◆ **Assigned task**
Could you write out the opening lines of the data, word for word, stopping after the line that contains "白い器に盛り付けた赤かぶと押し麦のマリネサラダ"?

◆ **Given entries**
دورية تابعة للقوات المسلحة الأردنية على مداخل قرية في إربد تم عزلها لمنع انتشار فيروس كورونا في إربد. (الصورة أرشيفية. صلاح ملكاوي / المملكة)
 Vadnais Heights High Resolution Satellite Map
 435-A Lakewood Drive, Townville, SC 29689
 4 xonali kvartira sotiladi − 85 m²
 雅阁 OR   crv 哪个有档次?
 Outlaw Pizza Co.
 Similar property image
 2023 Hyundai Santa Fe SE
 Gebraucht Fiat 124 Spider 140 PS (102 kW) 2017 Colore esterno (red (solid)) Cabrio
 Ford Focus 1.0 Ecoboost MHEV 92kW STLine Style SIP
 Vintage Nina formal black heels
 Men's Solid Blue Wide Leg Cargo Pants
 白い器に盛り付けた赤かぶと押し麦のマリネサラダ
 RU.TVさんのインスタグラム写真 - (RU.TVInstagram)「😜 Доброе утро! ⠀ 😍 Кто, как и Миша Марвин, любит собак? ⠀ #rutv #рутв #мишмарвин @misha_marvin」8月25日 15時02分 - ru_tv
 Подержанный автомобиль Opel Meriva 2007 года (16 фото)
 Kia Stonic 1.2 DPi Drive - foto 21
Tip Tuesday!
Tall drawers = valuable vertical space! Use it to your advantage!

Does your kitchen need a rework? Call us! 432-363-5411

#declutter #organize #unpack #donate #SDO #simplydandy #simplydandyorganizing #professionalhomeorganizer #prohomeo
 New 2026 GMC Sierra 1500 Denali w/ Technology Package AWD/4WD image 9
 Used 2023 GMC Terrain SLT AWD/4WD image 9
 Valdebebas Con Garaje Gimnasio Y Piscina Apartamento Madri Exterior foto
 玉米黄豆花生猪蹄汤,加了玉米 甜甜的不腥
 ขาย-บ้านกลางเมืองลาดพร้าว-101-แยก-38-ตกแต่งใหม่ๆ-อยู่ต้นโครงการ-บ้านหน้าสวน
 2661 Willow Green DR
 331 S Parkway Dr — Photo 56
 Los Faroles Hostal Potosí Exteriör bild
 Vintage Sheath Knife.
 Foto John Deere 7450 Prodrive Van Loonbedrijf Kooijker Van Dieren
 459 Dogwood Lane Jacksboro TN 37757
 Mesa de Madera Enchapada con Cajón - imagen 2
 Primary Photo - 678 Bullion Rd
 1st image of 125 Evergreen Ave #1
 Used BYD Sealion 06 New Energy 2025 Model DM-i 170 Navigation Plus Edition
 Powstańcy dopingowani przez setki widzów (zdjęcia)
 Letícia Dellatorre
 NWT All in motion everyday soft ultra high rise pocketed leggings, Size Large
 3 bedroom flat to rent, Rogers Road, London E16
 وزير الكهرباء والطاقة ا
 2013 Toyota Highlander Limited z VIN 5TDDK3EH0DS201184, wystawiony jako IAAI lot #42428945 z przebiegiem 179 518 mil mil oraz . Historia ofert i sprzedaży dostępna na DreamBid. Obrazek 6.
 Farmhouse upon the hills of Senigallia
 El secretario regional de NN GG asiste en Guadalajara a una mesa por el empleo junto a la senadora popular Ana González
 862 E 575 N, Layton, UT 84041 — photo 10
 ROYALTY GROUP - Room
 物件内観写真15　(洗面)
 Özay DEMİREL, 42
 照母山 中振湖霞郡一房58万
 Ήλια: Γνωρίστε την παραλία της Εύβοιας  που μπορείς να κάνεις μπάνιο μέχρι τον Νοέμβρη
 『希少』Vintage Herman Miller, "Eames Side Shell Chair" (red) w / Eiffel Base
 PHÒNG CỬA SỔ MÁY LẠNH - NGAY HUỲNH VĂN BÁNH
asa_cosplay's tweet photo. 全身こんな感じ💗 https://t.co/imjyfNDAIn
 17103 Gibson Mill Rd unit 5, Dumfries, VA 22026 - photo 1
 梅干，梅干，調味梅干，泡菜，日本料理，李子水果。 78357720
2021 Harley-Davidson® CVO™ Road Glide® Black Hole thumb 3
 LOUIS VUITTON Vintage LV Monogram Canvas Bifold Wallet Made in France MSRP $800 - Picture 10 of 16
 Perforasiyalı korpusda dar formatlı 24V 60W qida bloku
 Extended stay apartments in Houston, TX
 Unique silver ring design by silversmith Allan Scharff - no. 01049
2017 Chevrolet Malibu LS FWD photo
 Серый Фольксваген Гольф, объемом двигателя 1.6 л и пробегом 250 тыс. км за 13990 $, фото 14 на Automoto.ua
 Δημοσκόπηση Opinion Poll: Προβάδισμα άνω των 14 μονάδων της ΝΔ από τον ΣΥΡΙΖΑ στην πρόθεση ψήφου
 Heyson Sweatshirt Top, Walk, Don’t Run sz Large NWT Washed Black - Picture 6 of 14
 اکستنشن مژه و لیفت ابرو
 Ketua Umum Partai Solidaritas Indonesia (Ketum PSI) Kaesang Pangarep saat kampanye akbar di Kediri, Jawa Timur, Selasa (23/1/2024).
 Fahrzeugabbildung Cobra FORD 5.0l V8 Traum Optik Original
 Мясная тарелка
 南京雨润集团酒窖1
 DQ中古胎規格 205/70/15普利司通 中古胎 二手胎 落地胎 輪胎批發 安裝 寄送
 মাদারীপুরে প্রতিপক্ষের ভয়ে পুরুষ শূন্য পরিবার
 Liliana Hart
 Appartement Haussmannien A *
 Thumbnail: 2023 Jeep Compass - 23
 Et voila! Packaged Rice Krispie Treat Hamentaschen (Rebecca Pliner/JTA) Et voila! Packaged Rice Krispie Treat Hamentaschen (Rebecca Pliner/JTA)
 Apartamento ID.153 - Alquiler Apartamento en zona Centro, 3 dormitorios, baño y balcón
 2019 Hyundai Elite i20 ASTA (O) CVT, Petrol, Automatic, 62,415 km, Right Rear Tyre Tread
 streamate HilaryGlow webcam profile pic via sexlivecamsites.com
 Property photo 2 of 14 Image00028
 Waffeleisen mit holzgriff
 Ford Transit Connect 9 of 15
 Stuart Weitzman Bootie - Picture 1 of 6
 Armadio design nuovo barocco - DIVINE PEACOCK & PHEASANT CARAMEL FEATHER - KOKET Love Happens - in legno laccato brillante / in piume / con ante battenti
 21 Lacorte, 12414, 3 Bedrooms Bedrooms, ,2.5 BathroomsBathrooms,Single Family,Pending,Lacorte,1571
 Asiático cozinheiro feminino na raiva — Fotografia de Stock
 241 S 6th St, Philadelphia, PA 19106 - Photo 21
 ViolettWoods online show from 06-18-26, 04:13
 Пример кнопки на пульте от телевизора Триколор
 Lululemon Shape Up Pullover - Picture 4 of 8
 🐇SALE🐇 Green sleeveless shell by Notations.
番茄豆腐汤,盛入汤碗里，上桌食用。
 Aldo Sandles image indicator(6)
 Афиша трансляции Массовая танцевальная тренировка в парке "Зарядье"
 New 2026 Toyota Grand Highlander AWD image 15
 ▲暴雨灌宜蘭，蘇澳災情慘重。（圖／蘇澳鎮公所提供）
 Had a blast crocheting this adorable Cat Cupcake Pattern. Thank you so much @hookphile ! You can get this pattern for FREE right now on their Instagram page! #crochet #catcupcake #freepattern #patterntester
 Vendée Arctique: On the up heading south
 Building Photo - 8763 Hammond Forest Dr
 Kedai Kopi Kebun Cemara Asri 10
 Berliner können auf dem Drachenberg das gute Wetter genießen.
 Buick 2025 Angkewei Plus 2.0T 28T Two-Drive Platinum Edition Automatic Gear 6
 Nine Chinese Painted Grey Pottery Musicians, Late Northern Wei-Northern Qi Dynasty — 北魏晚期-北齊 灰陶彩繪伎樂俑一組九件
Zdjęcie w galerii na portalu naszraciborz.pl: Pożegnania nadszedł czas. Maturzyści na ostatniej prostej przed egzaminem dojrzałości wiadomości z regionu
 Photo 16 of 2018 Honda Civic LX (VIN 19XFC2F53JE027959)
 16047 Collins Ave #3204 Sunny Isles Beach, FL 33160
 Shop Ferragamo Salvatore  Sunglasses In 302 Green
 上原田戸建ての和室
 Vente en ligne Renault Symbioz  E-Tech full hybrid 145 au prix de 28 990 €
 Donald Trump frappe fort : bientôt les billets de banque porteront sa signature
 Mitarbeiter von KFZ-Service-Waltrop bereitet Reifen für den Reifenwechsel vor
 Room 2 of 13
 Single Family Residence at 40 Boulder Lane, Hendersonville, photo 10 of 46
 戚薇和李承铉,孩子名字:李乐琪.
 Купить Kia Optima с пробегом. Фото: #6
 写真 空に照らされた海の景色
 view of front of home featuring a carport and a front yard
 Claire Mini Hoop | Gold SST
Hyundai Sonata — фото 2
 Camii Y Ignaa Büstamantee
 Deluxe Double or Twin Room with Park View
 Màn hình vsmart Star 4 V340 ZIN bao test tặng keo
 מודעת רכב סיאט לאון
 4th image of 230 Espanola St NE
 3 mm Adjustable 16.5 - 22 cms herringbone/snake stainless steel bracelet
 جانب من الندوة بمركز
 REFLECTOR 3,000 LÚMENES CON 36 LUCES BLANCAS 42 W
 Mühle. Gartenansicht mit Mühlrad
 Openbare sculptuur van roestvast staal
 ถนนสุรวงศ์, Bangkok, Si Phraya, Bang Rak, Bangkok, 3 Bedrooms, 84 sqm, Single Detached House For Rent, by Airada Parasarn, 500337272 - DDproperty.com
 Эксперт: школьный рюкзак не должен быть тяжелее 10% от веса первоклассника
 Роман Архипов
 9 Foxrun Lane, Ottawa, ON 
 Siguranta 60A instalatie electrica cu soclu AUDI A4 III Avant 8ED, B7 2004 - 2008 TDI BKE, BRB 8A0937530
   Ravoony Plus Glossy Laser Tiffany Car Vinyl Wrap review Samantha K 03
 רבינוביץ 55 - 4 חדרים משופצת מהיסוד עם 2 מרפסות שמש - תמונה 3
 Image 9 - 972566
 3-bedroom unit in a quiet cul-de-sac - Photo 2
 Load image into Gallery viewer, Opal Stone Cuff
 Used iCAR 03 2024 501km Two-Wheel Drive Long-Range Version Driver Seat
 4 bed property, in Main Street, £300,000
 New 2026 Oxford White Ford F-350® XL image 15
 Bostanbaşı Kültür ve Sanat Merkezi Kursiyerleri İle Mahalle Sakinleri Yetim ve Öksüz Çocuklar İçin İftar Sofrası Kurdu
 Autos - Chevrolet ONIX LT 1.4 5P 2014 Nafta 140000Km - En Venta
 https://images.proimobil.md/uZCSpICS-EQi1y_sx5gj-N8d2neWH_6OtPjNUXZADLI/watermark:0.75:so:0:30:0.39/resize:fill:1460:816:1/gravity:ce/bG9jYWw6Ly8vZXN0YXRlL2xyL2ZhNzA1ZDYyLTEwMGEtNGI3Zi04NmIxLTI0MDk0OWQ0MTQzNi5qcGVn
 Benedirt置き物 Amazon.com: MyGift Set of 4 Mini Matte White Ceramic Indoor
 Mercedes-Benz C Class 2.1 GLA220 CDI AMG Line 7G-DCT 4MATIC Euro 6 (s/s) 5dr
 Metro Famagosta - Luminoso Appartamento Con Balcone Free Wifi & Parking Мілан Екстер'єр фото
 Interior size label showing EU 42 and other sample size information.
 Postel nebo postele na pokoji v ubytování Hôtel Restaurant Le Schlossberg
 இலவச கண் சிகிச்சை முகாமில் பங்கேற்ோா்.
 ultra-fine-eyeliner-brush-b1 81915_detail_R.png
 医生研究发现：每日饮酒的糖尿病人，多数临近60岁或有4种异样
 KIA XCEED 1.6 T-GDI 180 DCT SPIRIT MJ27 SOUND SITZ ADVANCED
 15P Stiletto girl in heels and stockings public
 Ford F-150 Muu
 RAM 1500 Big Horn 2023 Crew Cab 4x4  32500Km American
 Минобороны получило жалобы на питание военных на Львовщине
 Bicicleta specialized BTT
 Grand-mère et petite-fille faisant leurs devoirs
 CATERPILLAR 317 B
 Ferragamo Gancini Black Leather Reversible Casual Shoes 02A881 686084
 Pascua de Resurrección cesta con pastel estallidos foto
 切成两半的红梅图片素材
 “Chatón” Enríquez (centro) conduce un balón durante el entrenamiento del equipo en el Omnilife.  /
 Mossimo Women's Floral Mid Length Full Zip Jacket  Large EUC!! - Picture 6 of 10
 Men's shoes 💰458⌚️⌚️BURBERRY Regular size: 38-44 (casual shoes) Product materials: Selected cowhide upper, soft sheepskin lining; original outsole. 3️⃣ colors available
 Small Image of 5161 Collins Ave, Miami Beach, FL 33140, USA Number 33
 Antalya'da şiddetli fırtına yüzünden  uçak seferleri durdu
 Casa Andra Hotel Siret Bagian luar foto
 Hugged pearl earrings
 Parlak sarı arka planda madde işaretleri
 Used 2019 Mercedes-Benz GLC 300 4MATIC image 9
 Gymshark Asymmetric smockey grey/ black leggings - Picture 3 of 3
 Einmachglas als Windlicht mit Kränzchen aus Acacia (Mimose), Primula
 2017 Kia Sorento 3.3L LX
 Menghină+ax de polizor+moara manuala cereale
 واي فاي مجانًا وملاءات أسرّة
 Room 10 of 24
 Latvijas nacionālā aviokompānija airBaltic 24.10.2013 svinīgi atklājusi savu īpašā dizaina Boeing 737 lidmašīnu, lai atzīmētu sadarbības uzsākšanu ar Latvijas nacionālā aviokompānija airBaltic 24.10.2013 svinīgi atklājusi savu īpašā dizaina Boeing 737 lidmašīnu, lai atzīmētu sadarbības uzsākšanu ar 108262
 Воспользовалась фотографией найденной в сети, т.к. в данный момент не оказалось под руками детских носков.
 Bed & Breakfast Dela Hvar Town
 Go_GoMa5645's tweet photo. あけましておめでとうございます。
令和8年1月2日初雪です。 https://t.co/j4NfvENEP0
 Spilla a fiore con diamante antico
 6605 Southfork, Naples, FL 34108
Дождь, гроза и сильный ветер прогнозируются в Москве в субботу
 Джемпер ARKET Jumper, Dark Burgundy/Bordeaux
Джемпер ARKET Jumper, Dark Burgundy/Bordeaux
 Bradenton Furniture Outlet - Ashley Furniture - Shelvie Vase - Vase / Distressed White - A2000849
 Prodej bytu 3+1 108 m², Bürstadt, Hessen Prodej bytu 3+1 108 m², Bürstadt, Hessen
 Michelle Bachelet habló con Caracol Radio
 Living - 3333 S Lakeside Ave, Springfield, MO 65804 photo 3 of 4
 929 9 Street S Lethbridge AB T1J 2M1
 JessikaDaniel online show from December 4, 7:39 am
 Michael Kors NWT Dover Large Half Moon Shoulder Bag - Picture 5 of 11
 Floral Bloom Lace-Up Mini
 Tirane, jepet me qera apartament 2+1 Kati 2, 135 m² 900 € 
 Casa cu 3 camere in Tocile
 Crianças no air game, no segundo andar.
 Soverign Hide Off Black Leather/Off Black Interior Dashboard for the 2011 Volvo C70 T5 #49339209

◆ **Result of this task**
دورية تابعة للقوات المسلحة الأردنية على مداخل قرية في إربد تم عزلها لمنع انتشار فيروس كورونا في إربد. (الصورة أرشيفية. صلاح ملكاوي / المملكة)
 Vadnais Heights High Resolution Satellite Map
 435-A Lakewood Drive, Townville, SC 29689
 4 xonali kvartira sotiladi − 85 m²
 雅阁 OR   crv 哪个有档次?
 Outlaw Pizza Co.
 Similar property image
 2023 Hyundai Santa Fe SE
 Gebraucht Fiat 124 Spider 140 PS (102 kW) 2017 Colore esterno (red (solid)) Cabrio
 Ford Focus 1.0 Ecoboost MHEV 92kW STLine Style SIP
 Vintage Nina formal black heels
 Men's Solid Blue Wide Leg Cargo Pants
 白い器に盛り付けた赤かぶと押し麦のマリネサラダ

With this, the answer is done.